Problem to work on: Output exactly, and only, the stretch of lines beginning at the line with "Cute Print Yellow" and ending at the last line of the listing below. Drop the pictures.

Stored data:
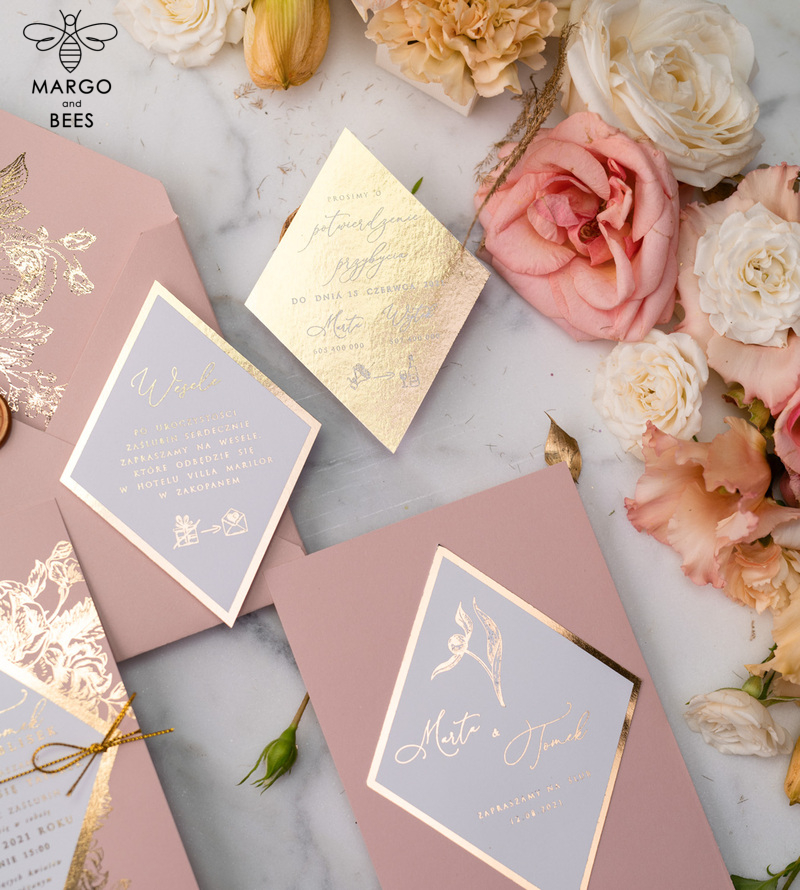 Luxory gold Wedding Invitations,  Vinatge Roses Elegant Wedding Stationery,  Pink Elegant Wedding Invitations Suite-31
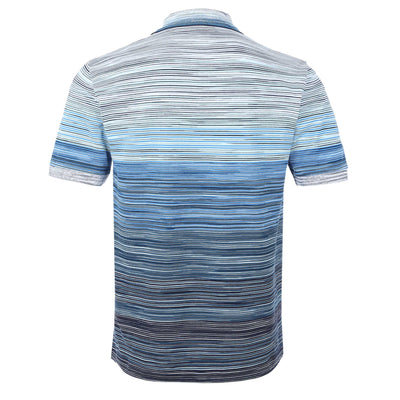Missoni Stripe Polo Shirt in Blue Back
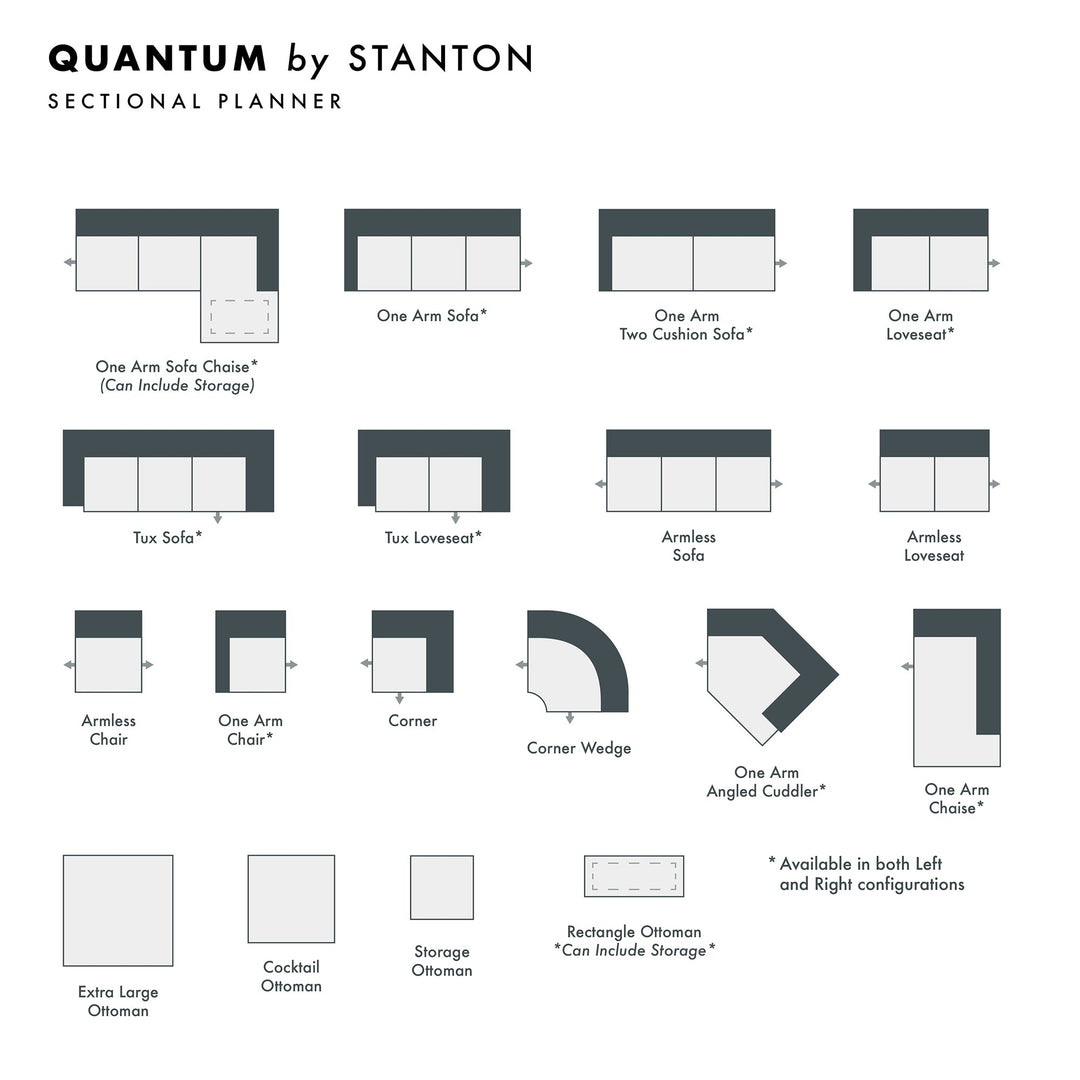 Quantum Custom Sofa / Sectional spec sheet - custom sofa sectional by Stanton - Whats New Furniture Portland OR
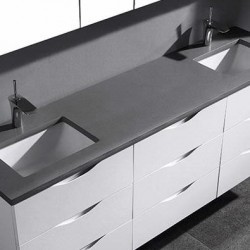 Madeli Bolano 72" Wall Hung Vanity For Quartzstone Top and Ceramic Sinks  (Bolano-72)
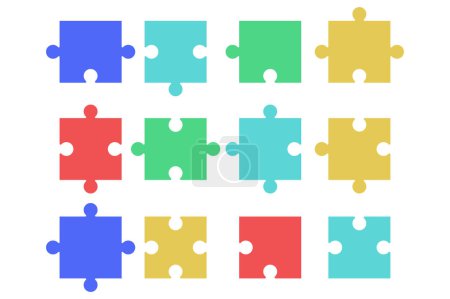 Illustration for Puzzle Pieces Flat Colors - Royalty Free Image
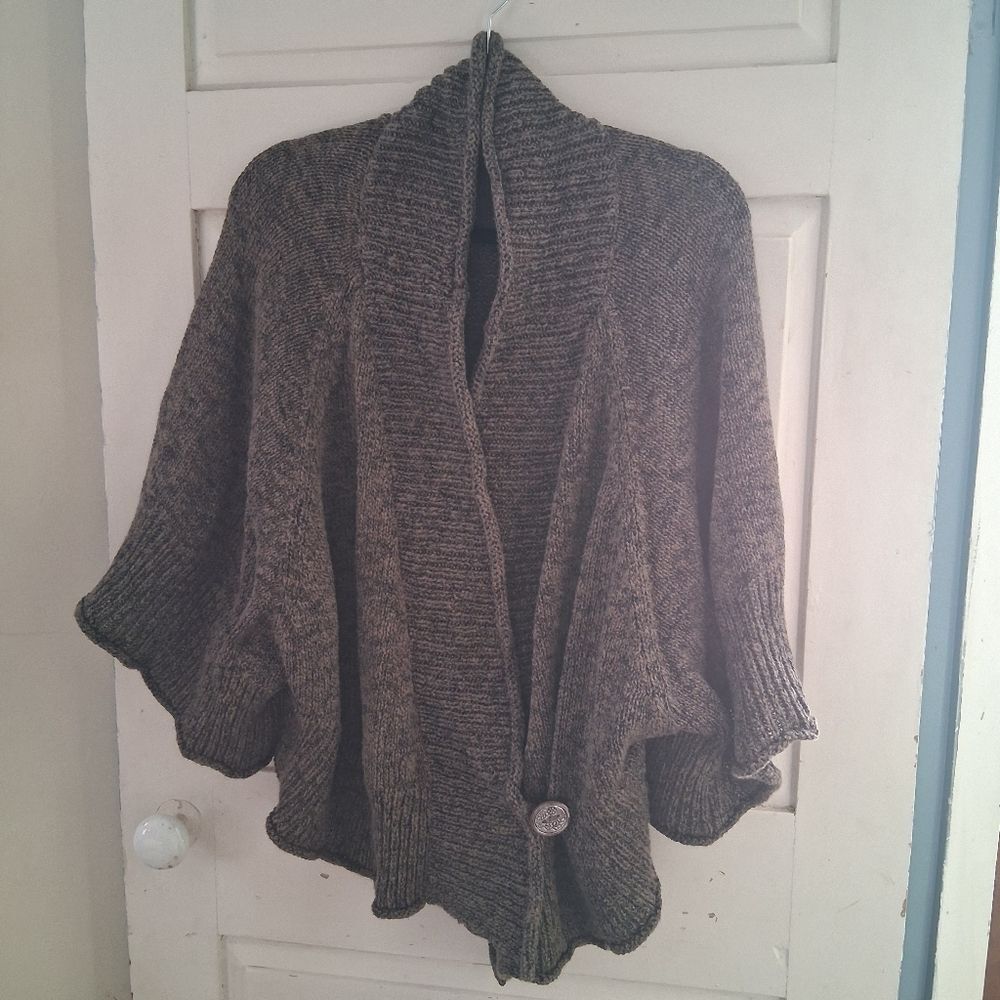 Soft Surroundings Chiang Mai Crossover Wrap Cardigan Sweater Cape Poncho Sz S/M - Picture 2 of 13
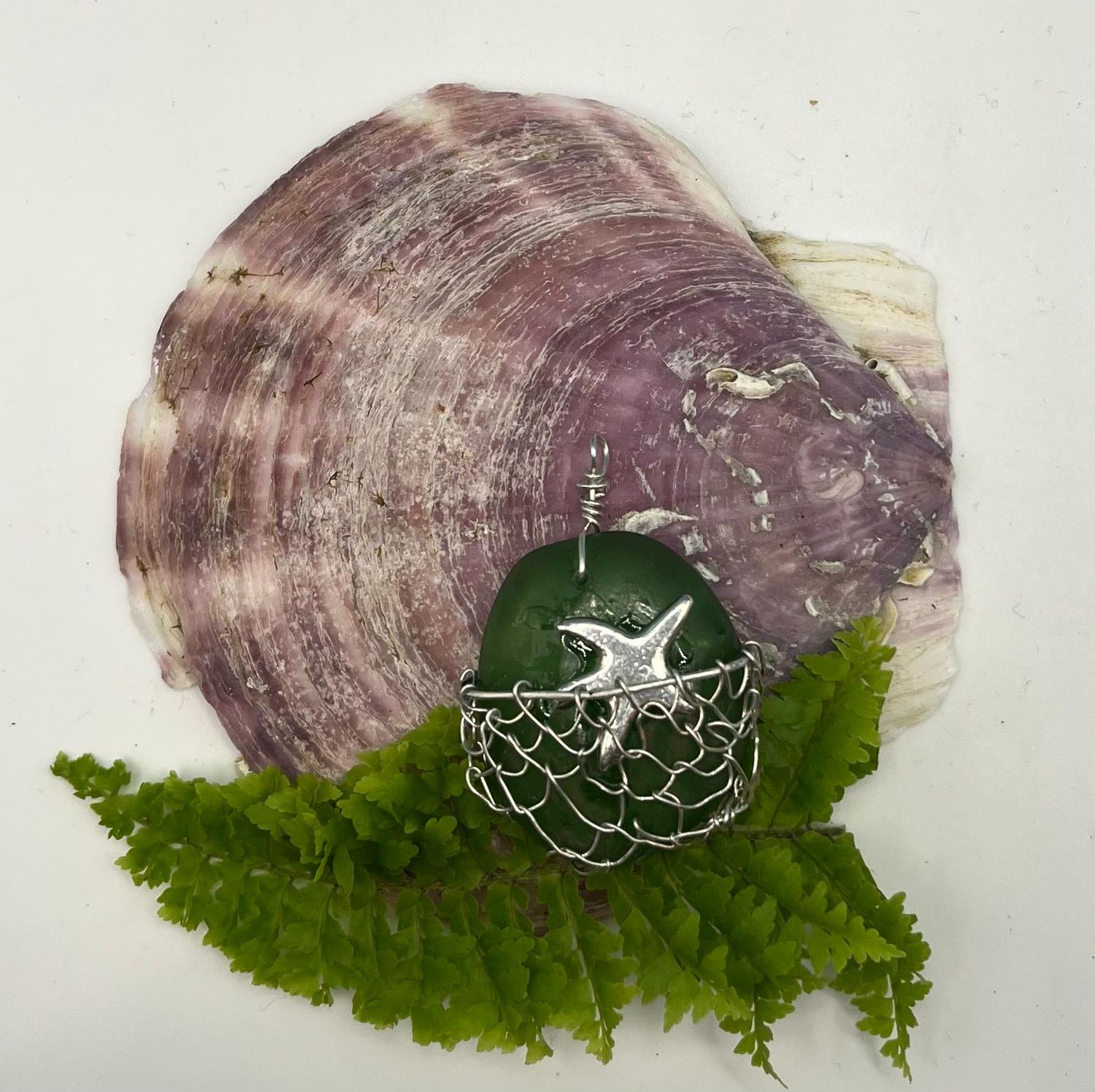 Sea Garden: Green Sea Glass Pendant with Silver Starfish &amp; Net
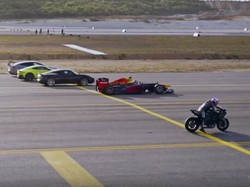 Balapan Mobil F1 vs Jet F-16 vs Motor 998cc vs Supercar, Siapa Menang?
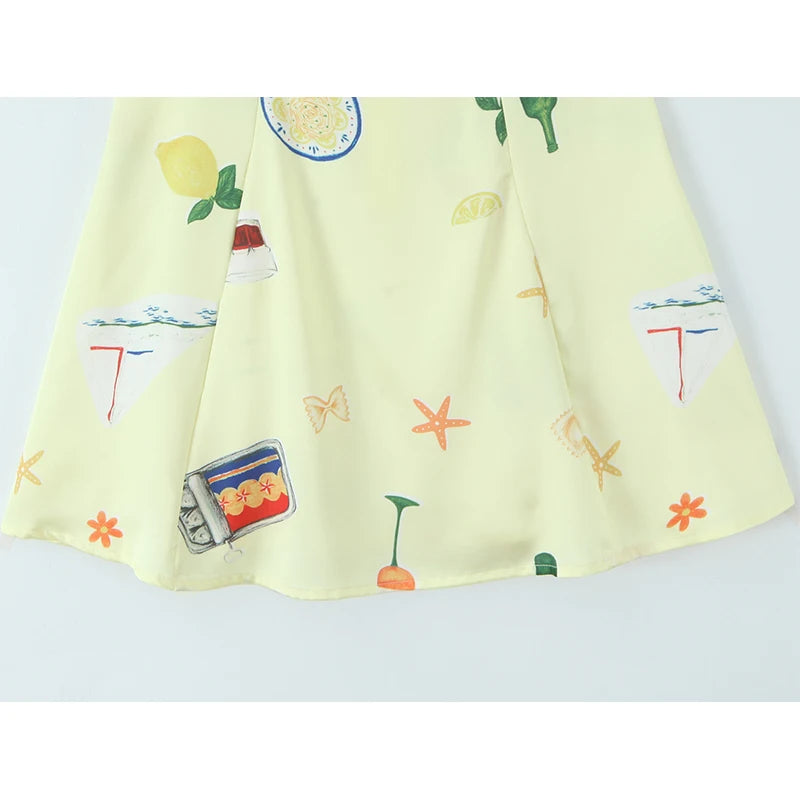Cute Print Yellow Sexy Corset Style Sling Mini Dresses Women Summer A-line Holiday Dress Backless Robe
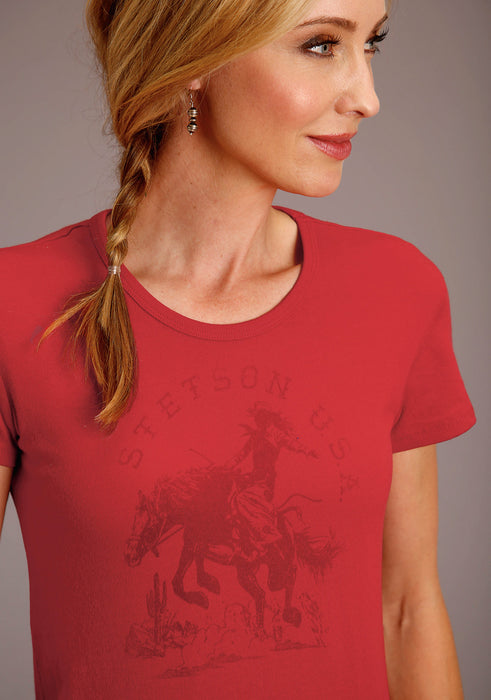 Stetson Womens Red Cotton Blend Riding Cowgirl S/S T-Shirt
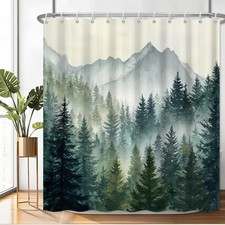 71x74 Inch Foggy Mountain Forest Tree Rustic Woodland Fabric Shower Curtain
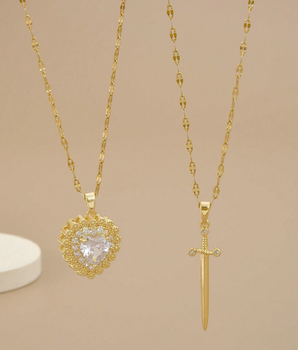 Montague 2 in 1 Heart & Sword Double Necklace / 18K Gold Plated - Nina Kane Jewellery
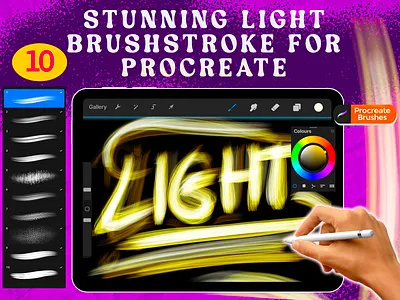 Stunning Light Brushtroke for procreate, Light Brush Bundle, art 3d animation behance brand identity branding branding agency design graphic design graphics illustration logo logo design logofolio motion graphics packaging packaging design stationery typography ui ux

Reply:
Cute Print Yellow Sexy Corset Style Sling Mini Dresses Women Summer A-line Holiday Dress Backless Robe
 Stetson Womens Red Cotton Blend Riding Cowgirl S/S T-Shirt
 71x74 Inch Foggy Mountain Forest Tree Rustic Woodland Fabric Shower Curtain
 Montague 2 in 1 Heart & Sword Double Necklace / 18K Gold Plated - Nina Kane Jewellery
 Stunning Light Brushtroke for procreate, Light Brush Bundle, art 3d animation behance brand identity branding branding agency design graphic design graphics illustration logo logo design logofolio motion graphics packaging packaging design stationery typography ui ux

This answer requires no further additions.